▶ Work to be completed: Working from the records below, repeat exactly the lines starting at the line that contains "grove / グローブ" and ending at the line that contains "Stoneware Flower Vase", inclusive.

(Study material Opens)

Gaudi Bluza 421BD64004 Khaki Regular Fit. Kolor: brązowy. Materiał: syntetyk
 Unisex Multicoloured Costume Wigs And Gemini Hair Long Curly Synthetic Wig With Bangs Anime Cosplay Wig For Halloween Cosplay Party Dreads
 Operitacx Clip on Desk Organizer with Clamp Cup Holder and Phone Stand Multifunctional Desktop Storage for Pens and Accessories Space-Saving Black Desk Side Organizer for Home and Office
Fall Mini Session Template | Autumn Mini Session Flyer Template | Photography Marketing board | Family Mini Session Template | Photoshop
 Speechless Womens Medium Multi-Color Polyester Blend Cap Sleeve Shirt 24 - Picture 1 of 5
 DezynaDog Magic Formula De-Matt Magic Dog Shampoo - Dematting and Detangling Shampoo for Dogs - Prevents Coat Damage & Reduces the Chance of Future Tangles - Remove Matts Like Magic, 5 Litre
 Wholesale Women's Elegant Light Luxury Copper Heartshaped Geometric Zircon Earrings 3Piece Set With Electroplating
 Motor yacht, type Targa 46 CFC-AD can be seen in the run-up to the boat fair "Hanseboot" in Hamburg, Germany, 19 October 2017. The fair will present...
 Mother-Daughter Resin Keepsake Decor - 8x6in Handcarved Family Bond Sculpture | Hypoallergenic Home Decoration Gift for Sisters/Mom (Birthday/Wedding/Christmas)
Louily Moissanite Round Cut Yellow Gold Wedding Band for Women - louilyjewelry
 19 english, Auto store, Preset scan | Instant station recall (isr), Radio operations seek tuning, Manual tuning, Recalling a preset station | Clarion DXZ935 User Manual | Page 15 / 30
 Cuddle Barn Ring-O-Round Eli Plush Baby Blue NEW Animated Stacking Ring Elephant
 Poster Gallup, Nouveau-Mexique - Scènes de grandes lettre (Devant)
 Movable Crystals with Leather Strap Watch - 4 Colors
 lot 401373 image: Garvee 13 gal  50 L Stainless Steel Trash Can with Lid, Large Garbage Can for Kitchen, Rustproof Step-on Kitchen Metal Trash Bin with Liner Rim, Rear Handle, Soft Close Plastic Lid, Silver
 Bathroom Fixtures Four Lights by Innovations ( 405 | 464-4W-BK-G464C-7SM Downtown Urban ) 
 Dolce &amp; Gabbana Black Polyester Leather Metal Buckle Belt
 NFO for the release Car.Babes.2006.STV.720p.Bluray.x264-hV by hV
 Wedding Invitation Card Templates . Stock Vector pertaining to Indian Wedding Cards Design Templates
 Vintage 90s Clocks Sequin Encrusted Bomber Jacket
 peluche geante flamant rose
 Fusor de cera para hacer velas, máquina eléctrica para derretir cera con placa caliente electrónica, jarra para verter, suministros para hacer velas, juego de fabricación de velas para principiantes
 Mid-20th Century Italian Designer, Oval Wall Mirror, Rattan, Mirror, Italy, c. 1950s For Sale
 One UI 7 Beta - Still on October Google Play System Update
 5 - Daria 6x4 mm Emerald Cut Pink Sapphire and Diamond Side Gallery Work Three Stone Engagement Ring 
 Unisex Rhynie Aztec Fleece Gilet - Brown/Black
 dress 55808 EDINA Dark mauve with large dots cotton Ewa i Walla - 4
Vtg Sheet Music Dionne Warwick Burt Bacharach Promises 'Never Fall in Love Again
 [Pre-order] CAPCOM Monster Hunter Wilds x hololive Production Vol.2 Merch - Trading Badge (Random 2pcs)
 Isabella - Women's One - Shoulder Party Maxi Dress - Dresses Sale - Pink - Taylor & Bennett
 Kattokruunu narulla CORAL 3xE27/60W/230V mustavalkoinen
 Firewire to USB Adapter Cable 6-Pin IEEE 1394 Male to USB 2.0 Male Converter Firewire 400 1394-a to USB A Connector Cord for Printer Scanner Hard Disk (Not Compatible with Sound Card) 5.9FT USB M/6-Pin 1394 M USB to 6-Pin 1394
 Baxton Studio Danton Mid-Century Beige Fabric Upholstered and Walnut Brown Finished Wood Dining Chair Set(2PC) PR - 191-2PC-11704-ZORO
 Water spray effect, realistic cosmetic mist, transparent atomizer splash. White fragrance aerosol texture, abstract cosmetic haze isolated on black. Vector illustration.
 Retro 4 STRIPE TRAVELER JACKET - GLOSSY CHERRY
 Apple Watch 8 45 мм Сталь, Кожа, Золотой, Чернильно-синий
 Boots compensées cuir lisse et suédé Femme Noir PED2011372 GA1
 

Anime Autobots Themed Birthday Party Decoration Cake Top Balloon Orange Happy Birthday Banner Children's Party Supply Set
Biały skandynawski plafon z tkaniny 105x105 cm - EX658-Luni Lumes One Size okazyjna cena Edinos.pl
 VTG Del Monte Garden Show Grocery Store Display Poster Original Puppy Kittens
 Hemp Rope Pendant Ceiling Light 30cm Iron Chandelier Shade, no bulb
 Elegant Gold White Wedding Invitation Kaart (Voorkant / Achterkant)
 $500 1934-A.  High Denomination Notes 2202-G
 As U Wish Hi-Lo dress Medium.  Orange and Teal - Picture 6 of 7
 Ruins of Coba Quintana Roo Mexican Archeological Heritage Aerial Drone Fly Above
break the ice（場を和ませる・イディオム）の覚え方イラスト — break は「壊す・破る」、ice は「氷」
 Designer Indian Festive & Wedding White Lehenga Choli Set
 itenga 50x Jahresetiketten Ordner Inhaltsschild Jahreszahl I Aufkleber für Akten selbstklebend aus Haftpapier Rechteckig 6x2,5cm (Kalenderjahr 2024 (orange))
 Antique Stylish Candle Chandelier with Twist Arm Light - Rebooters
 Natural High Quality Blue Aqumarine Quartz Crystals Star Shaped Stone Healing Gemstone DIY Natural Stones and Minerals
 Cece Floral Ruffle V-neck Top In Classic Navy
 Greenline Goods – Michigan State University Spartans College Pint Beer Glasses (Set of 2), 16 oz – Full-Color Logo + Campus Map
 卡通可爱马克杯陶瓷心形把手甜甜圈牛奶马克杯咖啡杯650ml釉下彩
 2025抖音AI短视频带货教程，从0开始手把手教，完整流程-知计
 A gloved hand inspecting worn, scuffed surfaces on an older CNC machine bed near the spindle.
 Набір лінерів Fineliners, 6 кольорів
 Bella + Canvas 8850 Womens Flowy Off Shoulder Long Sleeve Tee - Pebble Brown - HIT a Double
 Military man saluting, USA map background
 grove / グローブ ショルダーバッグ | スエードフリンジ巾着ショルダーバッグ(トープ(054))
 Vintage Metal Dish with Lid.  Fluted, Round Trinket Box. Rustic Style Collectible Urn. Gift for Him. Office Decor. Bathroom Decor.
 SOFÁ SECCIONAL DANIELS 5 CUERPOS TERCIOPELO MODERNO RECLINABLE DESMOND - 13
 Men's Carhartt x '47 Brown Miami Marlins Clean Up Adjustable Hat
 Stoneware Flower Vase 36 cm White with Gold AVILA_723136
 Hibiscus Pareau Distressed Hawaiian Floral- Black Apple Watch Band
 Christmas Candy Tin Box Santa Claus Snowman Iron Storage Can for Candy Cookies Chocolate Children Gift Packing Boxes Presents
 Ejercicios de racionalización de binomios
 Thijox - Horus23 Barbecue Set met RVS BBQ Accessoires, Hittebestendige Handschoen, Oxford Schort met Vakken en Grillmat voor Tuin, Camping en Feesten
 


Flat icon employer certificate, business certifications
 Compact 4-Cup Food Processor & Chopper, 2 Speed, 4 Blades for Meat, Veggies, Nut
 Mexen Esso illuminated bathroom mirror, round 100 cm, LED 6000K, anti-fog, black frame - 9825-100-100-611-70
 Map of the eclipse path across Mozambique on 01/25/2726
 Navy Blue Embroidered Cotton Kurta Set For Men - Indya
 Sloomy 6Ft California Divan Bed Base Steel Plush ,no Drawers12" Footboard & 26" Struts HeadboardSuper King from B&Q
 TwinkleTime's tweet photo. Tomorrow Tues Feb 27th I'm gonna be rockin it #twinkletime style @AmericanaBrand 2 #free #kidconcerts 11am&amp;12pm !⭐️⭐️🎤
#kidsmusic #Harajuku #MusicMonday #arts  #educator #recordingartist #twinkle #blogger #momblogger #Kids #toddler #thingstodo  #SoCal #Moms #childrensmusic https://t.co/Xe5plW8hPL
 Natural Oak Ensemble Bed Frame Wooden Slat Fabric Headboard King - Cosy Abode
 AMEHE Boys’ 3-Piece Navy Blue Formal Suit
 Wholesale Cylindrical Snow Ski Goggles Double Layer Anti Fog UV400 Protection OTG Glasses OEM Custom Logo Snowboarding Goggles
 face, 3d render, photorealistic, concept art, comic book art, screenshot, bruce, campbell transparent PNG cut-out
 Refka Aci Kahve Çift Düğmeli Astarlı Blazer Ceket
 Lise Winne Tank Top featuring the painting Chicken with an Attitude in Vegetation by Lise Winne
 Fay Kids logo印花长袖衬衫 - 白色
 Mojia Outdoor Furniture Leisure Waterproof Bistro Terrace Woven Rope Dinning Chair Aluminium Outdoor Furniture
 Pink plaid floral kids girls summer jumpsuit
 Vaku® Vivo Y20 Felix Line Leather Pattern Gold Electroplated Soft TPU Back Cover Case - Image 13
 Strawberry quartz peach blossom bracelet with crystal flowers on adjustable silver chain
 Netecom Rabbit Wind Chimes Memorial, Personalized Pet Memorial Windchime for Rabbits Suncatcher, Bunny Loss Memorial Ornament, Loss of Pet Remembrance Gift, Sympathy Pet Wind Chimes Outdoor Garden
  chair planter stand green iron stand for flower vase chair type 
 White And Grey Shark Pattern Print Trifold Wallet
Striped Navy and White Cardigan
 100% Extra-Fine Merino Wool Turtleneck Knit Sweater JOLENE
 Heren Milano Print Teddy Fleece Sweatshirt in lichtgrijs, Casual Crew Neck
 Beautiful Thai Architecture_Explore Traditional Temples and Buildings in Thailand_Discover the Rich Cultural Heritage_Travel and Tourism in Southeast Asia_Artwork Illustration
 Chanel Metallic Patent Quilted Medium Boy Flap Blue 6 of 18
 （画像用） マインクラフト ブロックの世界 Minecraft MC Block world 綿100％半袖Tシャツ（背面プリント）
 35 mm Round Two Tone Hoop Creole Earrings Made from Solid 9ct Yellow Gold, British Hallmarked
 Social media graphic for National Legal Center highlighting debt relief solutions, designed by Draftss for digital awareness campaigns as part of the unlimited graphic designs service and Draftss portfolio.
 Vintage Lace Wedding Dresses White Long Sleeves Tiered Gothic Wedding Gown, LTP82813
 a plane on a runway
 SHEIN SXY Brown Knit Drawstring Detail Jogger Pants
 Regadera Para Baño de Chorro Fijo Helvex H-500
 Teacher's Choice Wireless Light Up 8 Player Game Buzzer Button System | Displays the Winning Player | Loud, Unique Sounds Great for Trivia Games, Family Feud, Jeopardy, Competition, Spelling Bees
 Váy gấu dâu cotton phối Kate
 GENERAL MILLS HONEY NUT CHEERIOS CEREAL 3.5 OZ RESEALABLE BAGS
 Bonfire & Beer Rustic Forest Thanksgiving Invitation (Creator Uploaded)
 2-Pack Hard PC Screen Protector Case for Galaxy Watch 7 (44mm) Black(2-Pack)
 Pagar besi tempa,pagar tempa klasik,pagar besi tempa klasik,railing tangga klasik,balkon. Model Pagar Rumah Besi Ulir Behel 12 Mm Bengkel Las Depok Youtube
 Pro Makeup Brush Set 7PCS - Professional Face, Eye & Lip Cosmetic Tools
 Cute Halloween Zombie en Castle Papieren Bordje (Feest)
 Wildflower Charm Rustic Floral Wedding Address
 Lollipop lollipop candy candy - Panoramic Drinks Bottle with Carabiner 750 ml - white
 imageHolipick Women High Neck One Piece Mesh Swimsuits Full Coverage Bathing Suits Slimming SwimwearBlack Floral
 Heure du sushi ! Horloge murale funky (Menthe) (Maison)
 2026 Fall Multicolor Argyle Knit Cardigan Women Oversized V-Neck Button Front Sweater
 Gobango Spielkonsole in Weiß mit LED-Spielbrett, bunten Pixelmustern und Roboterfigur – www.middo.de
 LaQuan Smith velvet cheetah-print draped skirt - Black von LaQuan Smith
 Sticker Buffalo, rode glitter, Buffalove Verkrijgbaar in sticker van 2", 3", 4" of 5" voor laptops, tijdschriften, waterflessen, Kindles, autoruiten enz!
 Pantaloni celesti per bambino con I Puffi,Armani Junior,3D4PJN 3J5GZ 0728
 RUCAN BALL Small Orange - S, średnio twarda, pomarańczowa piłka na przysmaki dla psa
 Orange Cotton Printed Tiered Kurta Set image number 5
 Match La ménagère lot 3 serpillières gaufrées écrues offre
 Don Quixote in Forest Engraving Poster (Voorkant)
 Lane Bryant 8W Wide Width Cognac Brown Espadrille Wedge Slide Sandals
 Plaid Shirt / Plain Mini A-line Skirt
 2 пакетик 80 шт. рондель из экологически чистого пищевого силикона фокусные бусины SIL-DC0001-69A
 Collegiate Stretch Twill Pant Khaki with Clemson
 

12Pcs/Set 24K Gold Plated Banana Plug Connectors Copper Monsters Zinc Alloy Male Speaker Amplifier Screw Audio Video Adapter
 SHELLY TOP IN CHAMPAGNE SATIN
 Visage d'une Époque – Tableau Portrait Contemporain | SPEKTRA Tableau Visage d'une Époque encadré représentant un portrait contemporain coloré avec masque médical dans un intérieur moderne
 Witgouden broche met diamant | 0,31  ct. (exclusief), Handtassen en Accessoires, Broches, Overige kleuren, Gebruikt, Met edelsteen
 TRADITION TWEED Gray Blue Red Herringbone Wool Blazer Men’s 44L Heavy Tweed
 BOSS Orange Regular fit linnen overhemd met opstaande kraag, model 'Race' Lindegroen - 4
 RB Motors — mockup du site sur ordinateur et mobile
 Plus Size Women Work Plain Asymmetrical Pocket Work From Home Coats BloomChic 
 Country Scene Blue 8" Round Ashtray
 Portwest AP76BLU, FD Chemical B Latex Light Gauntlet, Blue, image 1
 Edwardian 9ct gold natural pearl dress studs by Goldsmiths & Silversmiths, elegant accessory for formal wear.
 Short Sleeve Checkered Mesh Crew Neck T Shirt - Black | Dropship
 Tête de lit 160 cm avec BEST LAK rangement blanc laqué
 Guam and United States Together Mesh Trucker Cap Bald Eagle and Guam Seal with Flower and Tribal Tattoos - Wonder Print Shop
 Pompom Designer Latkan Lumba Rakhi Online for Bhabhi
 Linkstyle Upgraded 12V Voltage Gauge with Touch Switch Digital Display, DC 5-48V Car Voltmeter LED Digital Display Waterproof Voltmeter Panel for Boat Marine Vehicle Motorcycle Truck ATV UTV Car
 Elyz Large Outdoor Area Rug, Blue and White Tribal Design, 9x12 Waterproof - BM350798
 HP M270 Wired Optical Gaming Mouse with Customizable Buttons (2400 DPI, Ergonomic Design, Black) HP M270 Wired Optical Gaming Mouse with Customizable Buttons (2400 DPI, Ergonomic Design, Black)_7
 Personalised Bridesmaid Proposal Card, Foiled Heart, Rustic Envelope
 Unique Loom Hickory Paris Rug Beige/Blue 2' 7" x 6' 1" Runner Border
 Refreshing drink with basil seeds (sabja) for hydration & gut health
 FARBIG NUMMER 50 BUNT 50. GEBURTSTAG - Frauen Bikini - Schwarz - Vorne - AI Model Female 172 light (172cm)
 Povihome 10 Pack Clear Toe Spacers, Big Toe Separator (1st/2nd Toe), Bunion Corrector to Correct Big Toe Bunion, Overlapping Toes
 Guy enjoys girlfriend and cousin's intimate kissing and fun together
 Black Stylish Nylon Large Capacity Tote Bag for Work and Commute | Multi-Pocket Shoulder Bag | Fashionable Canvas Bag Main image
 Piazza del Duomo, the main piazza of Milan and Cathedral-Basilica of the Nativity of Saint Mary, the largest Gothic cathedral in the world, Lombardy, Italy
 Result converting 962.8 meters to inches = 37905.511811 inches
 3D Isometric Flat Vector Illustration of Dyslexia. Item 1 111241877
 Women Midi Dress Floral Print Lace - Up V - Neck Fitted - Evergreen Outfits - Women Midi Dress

(Study material Closes)

▶ Task output:
 grove / グローブ ショルダーバッグ | スエードフリンジ巾着ショルダーバッグ(トープ(054))
 Vintage Metal Dish with Lid.  Fluted, Round Trinket Box. Rustic Style Collectible Urn. Gift for Him. Office Decor. Bathroom Decor.
 SOFÁ SECCIONAL DANIELS 5 CUERPOS TERCIOPELO MODERNO RECLINABLE DESMOND - 13
 Men's Carhartt x '47 Brown Miami Marlins Clean Up Adjustable Hat
 Stoneware Flower Vase 36 cm White with Gold AVILA_723136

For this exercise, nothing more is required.